After diving into atheism (he called himself a “hooraytheist”) Holmes found new spiritual life by taking “magic mushrooms,” aka psychedelic psilocybin, and studying myths and mysticism.

While walking that path, Holmes’ career flourished. He toured the country as a stand-up comic and starred and produced the HBO series “Crashing,” which was canceled this year after three seasons.

In some ways, Holmes’ memoir seems like an outgrowth of his popular podcast, called “You Made it Weird,” which veers from interviews with well-known comedians to wide-ranging conversations with Christians like Nadia Bolz-Weber and Rob Bell and Buddhist teachers such as Sharon Salzberg and David Nichtern.

Like Holmes himself, “Comedy, Sex, God” is full of irrepressible enthusiasm, a contagious curiosity for all things spiritual and healthy doses of self-deprecation. When Holmes finally meets his guru, for example, he can think of nothing except, um, pleasuring himself.

Pete Holmes appears onstage at the Vulture Festival on November 17, 2018, in Hollywood, California. Alberto E. Rodriguez/Getty Images

I sat down with Holmes, 40, on a recent morning in New York. He looked a bit bleary from the many media appearances he’s done to promote the book, but as he pulled his long legs underneath himself on the couch – the tall man’s lotus position – he spoke candidly about his religious upbringing and how it informs his comedy.

At times, talking to Holmes was like shaking a Magic 8 Ball filled with quotes from his spiritual touchstones, the theologian Richard Rohr, New Age-y guru Ram Dass, and even the Upanishads, ancient Hindu texts. “Finding truth anywhere – what else are we doing?” he told me. “It’s the greatest joy there is!”

This interview has been edited for length and clarity. If you want to hear the whole thing, check out Holmes’ podcast. Sensitive listeners beware: Its language is a bit salty at times.

CNN: You say in the beginning of “Comedy, Sex, God” that your mother wanted you to be a youth pastor. When you told her you wanted to become a comedian she said, “close enough.”

Holmes: I sort of joke that they both like public speaking, right? And certainly the type of comedy I’m doing, I would like everyone to leave feeling less afraid and less alone. I think she wanted me to be a youth pastor because I talked about the tumult in my family. I was always calming the family down or trying to keep a fight from happening. I think my mom recognized that I liked people to be happy. I like people to get along. And I like to be a peacemaker. And I liked the church. So she was like, you should be a youth pastor.

A character on your show “Crashing” calls stand-up comedians the new preachers.

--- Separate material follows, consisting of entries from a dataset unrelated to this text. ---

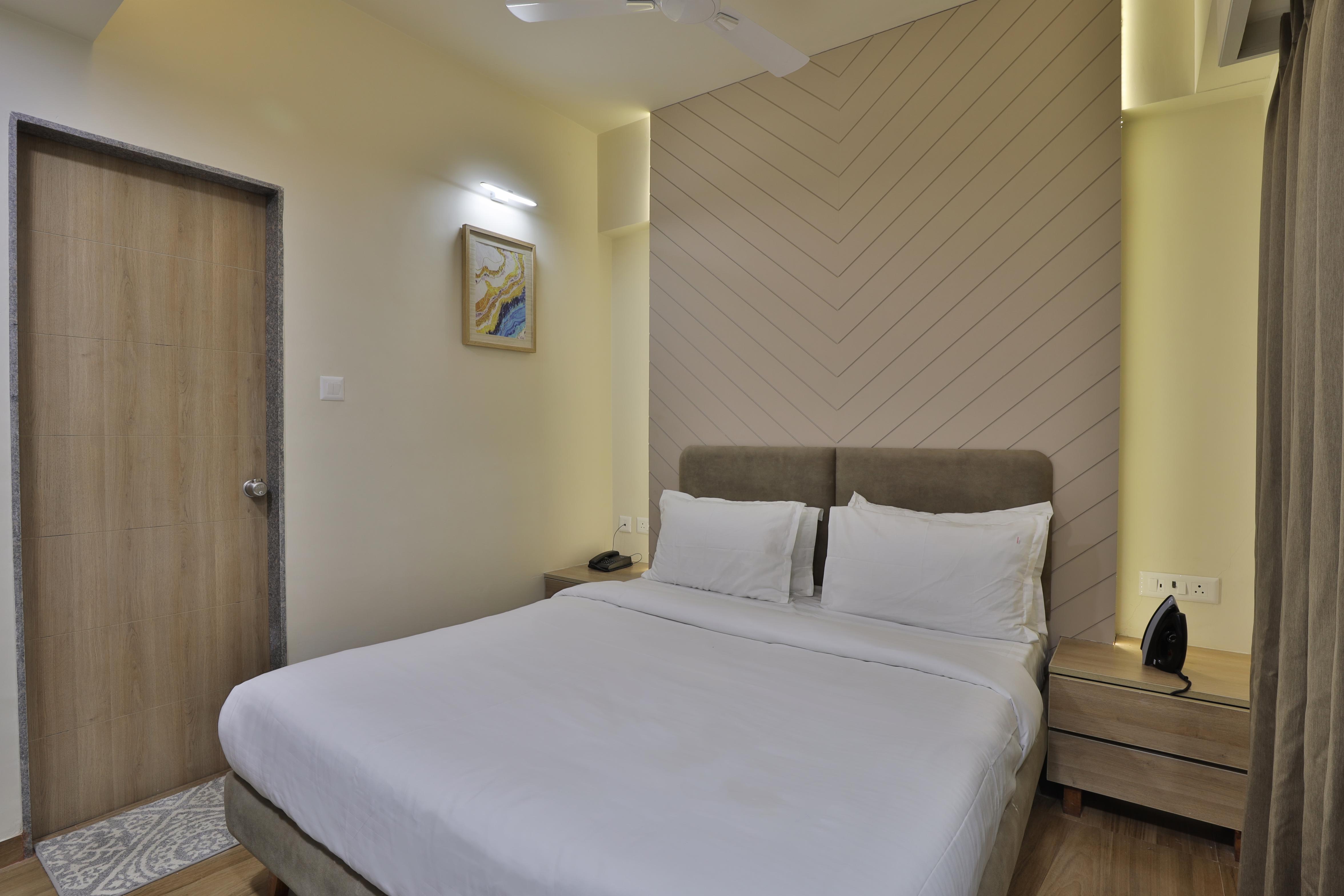 Hotel Monville, Bhaili Vadodara - Tap to explore photos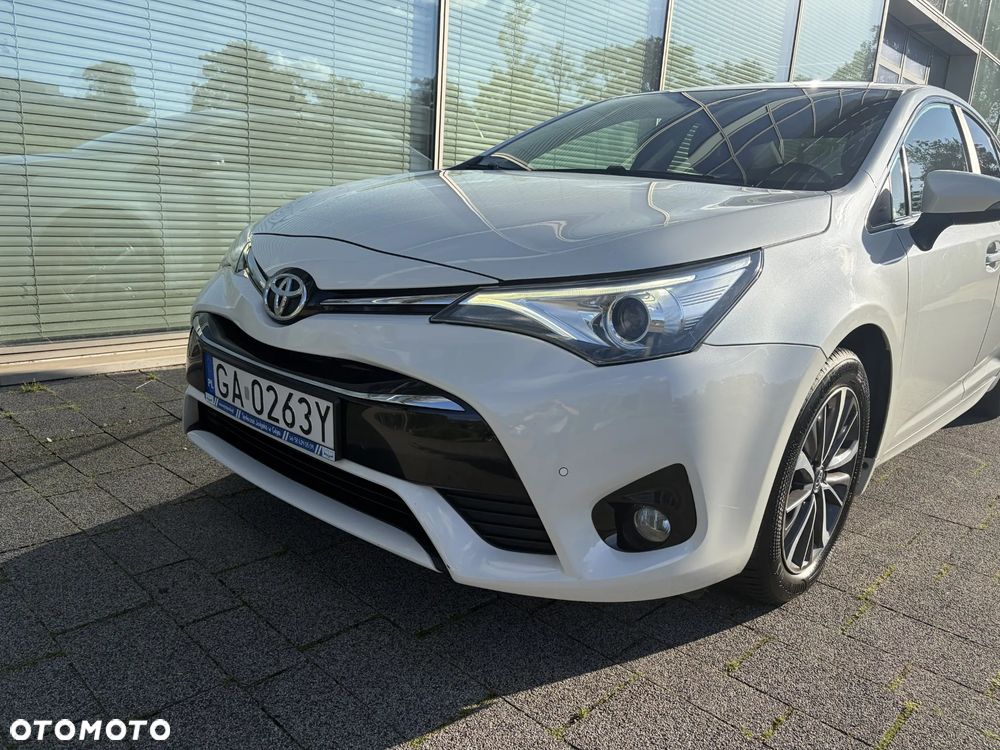 Toyota Avensis 1.8 Prestige MS - 21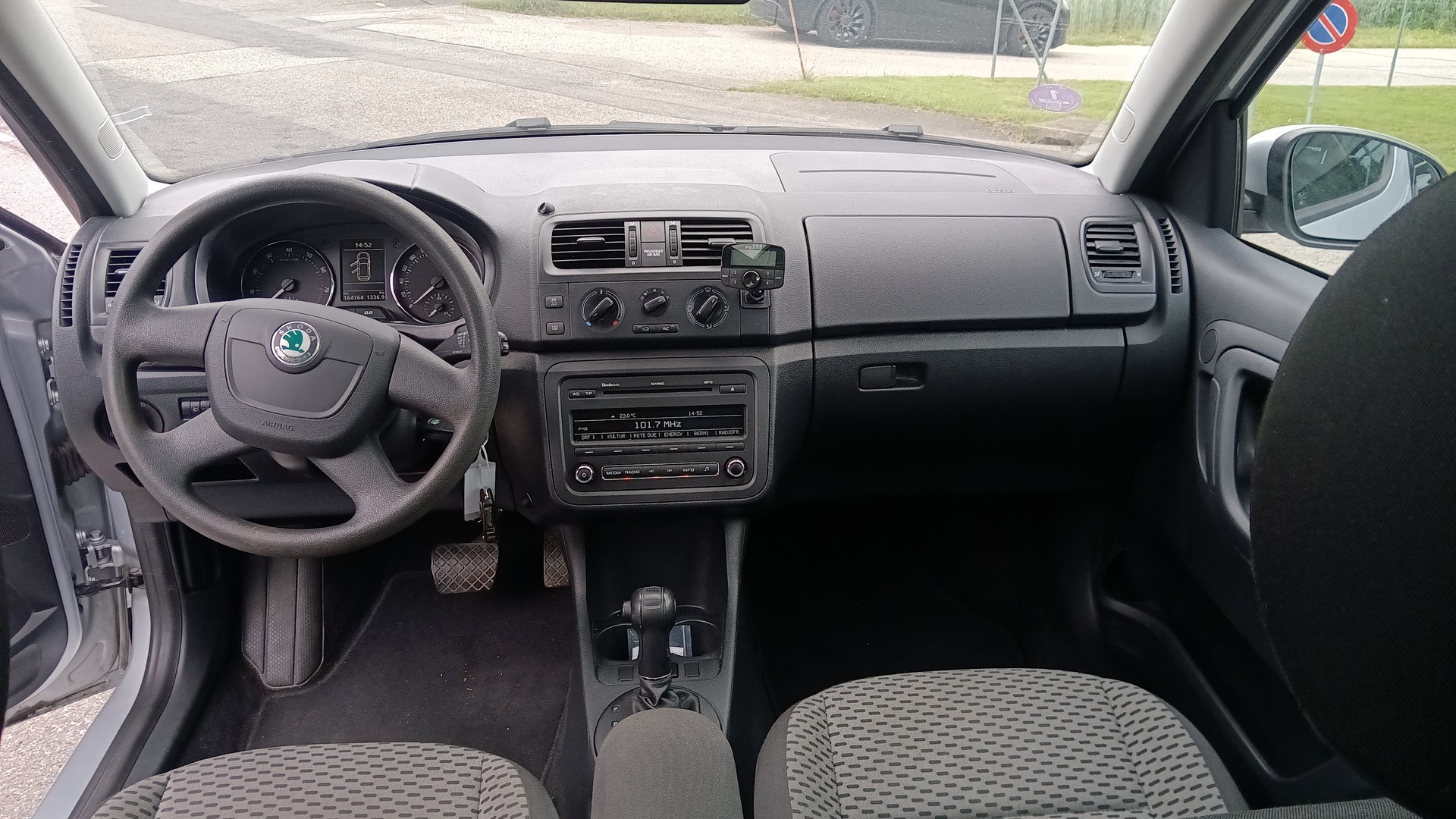 SKODA Roomster 1.2 TSI Family-image-6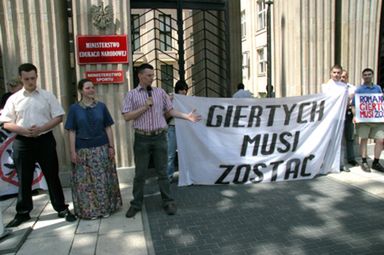 Demonstracje za i przeciw Giertychowi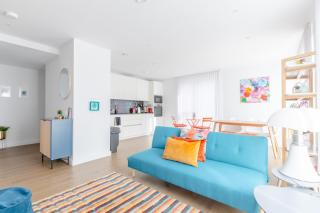Stylish 2BD Oasis wBalcony South East London! - 7
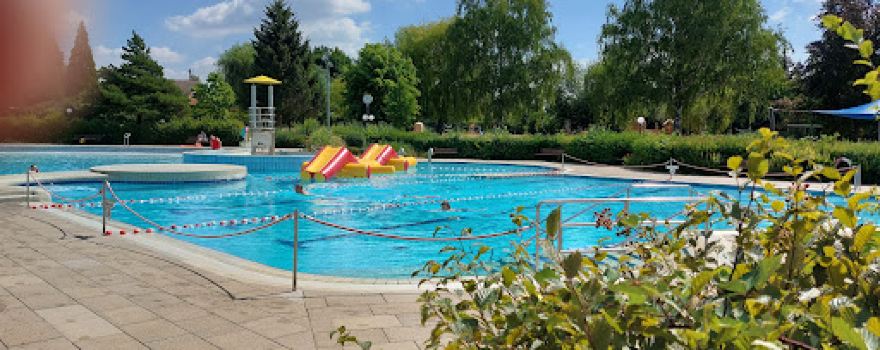 Freizeitwellenbad Schellbronn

Do you think that’s true?

I am preaching. You know, a preacher is somebody who preaches with a board of elders and like, has a text and an agenda and a religion and a group. I like saying that hopefully, I’m ministering. In the literal sense of ministry, like someone bringing soup is ministering to your body, you know. So I don’t consider myself a preacher or a minister, but like, when I get on a tear and start talking about “the kingdom of heaven is here and men don’t see it” – that’s just preaching. I’m sorry, I’m preaching. I don’t want people to adopt my belief system and then reflect it back to me so then we can prove that we’re in the group. It’s totally possible to lecture passionately and verge on preaching about the nature of reality without ever going, “And now we’re going to plant our flag.”

At the same time, you say comedians are often cynical. How do you balance those two parts of your personality: your search for meaning and your cynicism?

You wouldn’t ask for any comedian to fully detach from their ego. It’s the funnier part of me, and people delight in that. And I think they take solidarity in that. They’re seeing someone else sort of struggle with it.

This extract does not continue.